**Work instruction:** What you should give back is every line from the one containing "Ferdium for Mac" through the last line of the records below, word for word and without pictures.

**Provided entries:**
━━━━━━━━
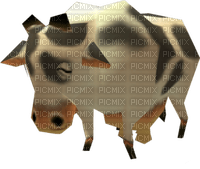 zelda 3D cow - Free PNG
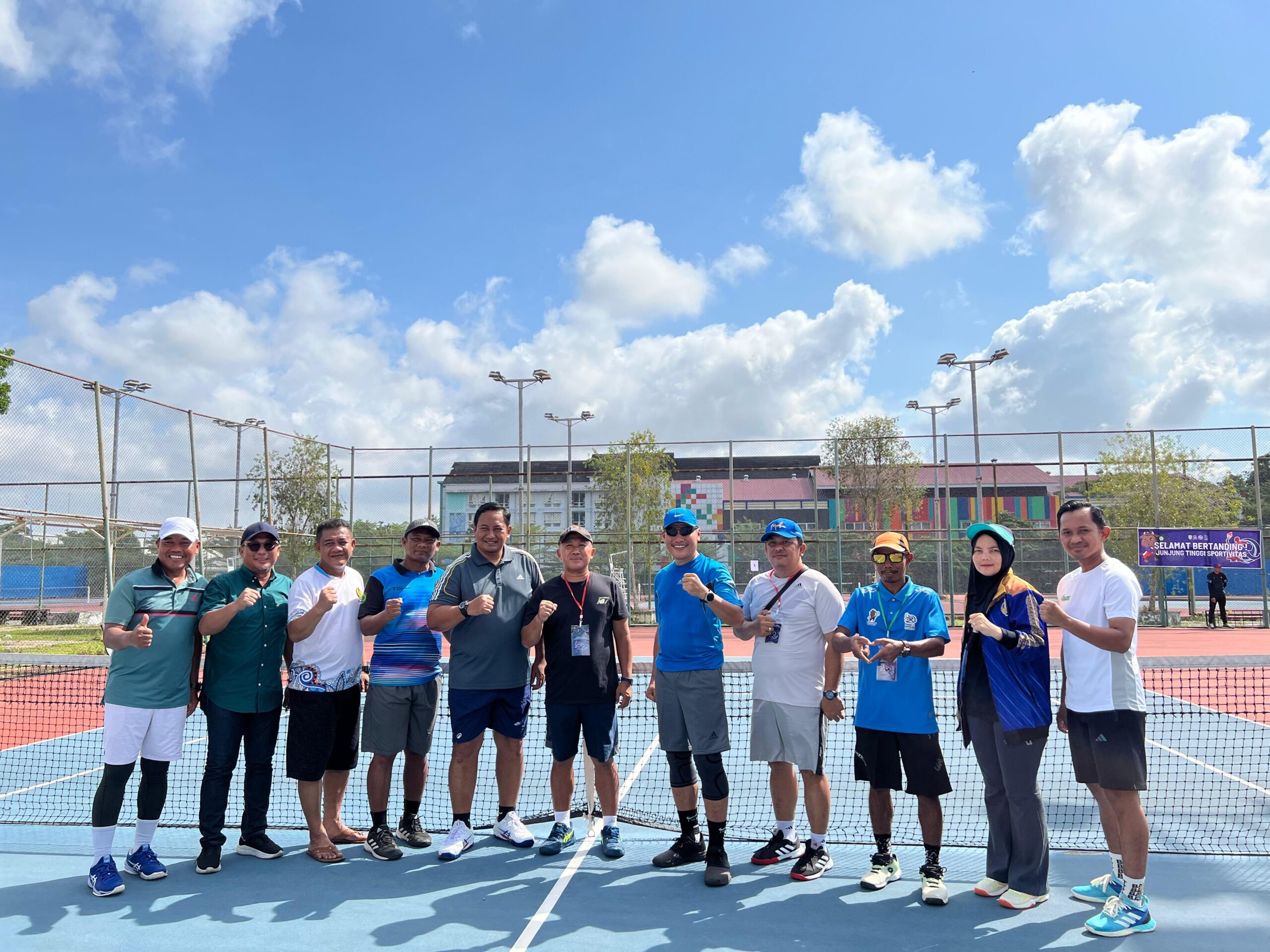 Tim Tenis Lapangan Muba Raih Emas di Porprov Korpri Sumsel 2025
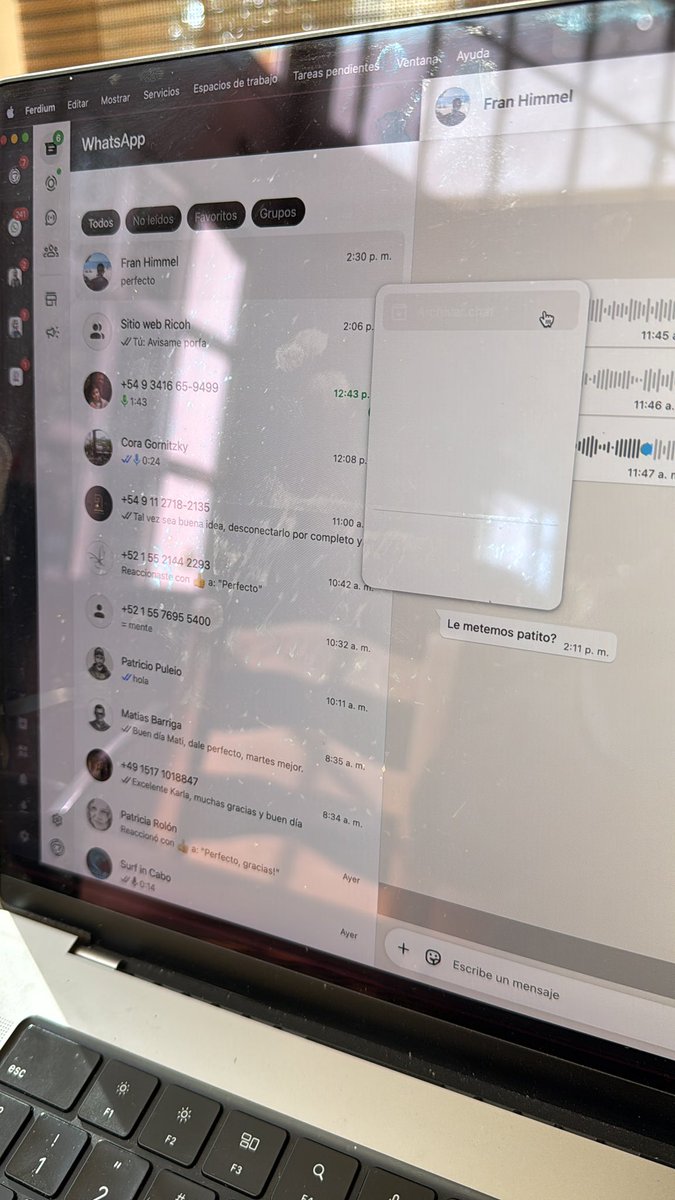 crop7media's tweet photo. @ferdiumteam WhatsApp voice messages are not sent, also have problems with Dark Mode, the design is completely broken.
Ferdium for Mac
Thanks! https://t.co/6t5d81G8DM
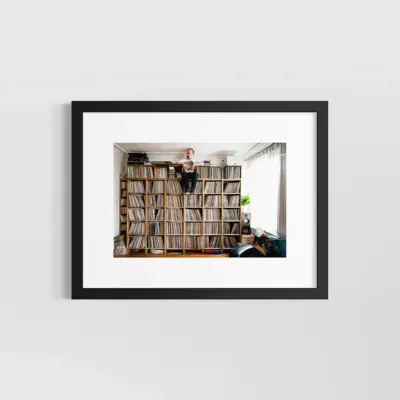 Mr Scruff in His Record Room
━━━━━━━━
**Answer to the exercise:**
Ferdium for Mac
Thanks! https://t.co/6t5d81G8DM
 Mr Scruff in His Record Room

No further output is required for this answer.